When I first heard about the term image regression, I thought it might be something quite complex. But the general idea is simple. This is one class of problem which considers image to be an input to the model (i.e, the independent variable), and the output(target) from the model (dependent variable) is one or more floats (i.e some real values of some dimension).

Here we have considered dataset from : Biwi Kinect Head Pose Dataset, which contains different pose of same person organized into a folder(directory) and has collection of such folders. Simply, each folder contains multiple different pose of a same person, and the entire dataset is the collection of such folders.

The choice of model we have used is: key point model where the dependent variable is simply a keypoint (feature) for an image. A keypoint refers to a specific location represented in an image - in this case we have used images of people and we have looked for center of person’s face in each image.

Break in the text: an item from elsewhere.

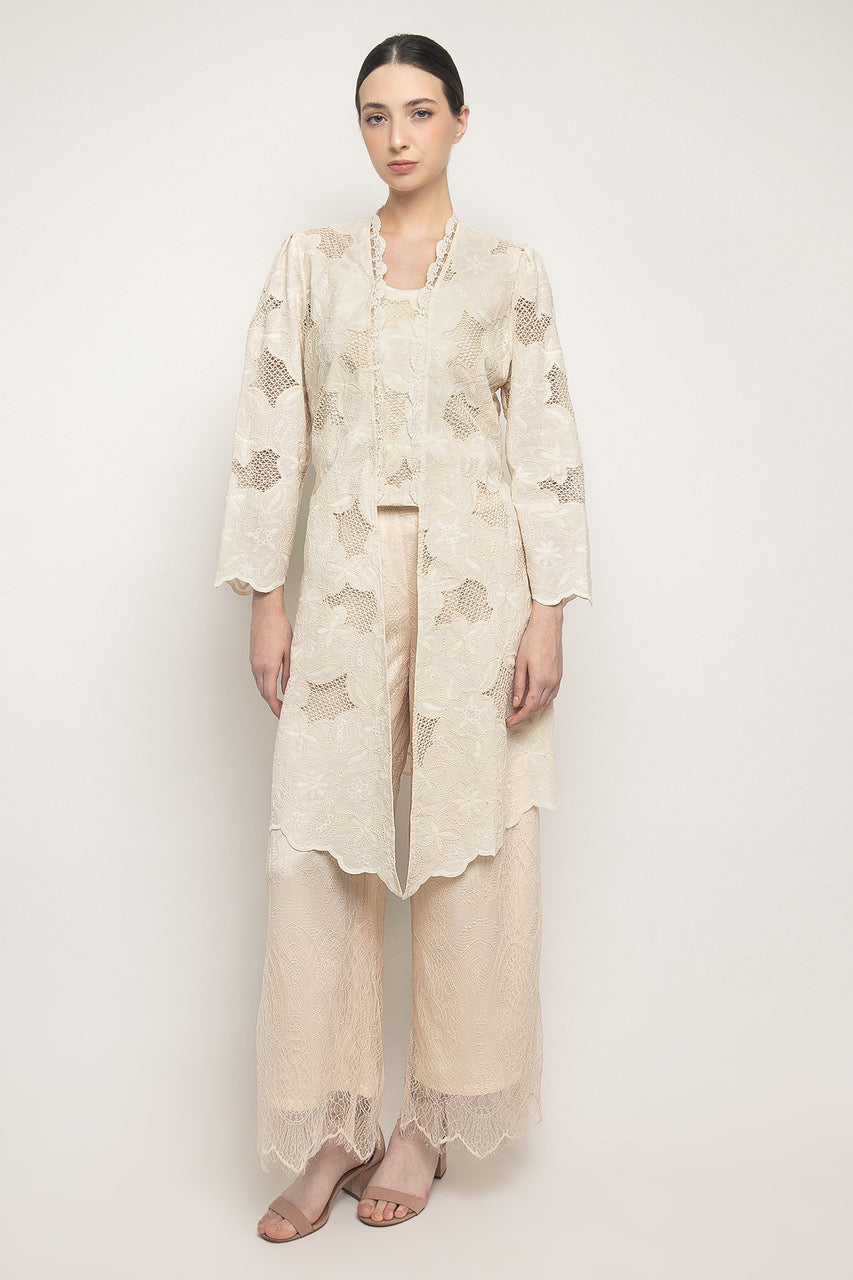 Dahlia Top in Cream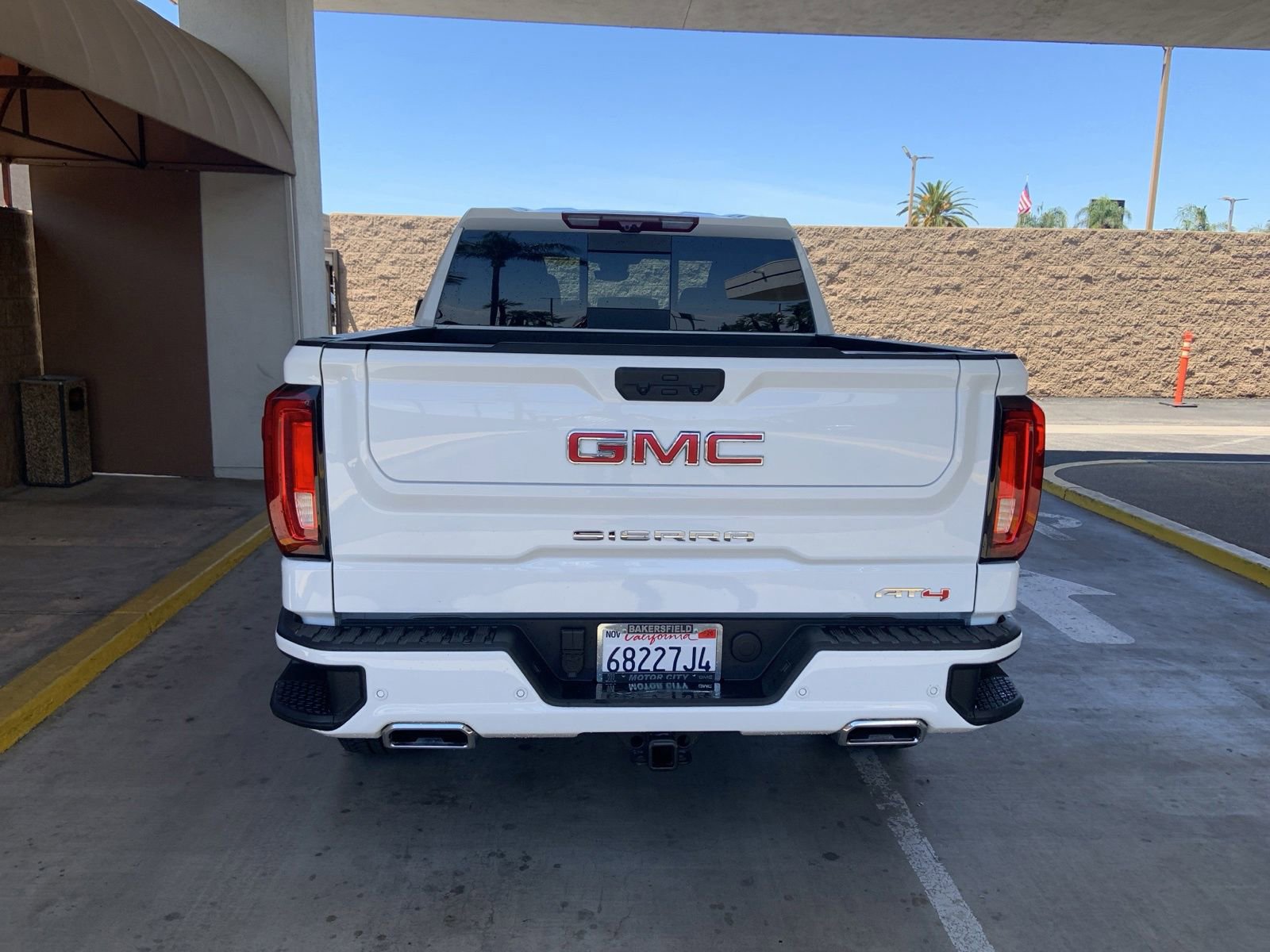 Certified 2026 GMC Sierra 1500 AT4 w/ Technology Package AWD/4WD image 5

Keypoints are important features for for CNN Model used for pose estimation, emotion classifier et

We have built a model that takes such images as an independent variable and the coordinates for the center of the face as the dependent variable. So, in this case our dependent variable is simply a vector with 2 values (x and y coordinates) for a single image.

And the output from the model is also a coordinate for each image which marks the center of the face. If our model is accurate, the point predicted as the center of the face should be as close to the actual point present in the image label. For the loss function, we have chosen mean squared error (default), which calculates how far is the distance of the predicted point from the actual point. The closer the distance, the better is the model.

Since unit of MSE is squared, for evaluation (as a choice of metrics) we use root mean squared error (rmse). This way, it is more readable and interpretable.

We can treat image regression as a variant of CNN problem but we should be able to understand how to prepare a datablock. Here we made our datablock API using:

get_image_files function: that locates the images from the path object

get_ctr function : this is the function we created, which takes image as an input, finds the corresponding labels (having the same name but with _pose.txt extension) and finally calculates the center of face for that image returning coordinates in the form of tensor ([c1,c2])

It takes PointBlock as label block, to tell fast ai, the label contains coordinates, this way while doing data augmentation, it should do the same augmentation to these coordinates as it does to the images.

When creating a learner, we used y_range=(-1,1). It is because coordinates in fastai and Pytorch are always rescaled between -1 and +1. y_range is implemented as follows:

def sigmoid_range(x, lo, hi):

return torch.sigmoid(x) * (hi-lo) + lo

Interpretation of this function

for any point we provide : say, x - it is first passed into a sigmoid function that squashes the output between 0 (if big negative value) and 1 (if big positive value) this is then multiplied with (hi-ho) which gives (1-(-1)) = 2 finally everything is added to -1.

Case 1: if x is big negative number

  • for demo, let’s take x = -50
  • passing it to simoid gives something close to 0,
  • multiplying this to (hi-lo) =2, gives something close to 0 as well
  • finally 0-1=-1 , which gives output closer to -1 (little greater than -1 but never smaller)

Case 2: if x is big postive number

  • passing x=50 to sigmoid gives something close to 1,
  • multiplying it to (hi-lo)=2 gives something close to 2 (little less) ** finally 2-1=1, which gives output that approaches 1 from the left side.

Case 3: if x is zero

  • passing x=0 to sigmoid gives 0.5
  • multiplying to (hi-lo)=2 gives, 0.5*2 = 1 ** finally 1-1=0, gives output exacly equal to 0.

This shows that the function sigmoid_range() forces the model to output activations in the range of (hi,lo), which we have taken to be (-1,1).

Using flexible datablock API and making the use of transfer learning, we fine-tuned our pretrained model to perform image regression, although it was trained to do image classification.

**Choice of Loss function for different task:

  • nn.CrossEntropyLoss for single label classification
  • nn.BCEWithLogitsLoss for multi-label classification
  • nn.MSELoss for regression

                                             HAVE A GOOD DAY!!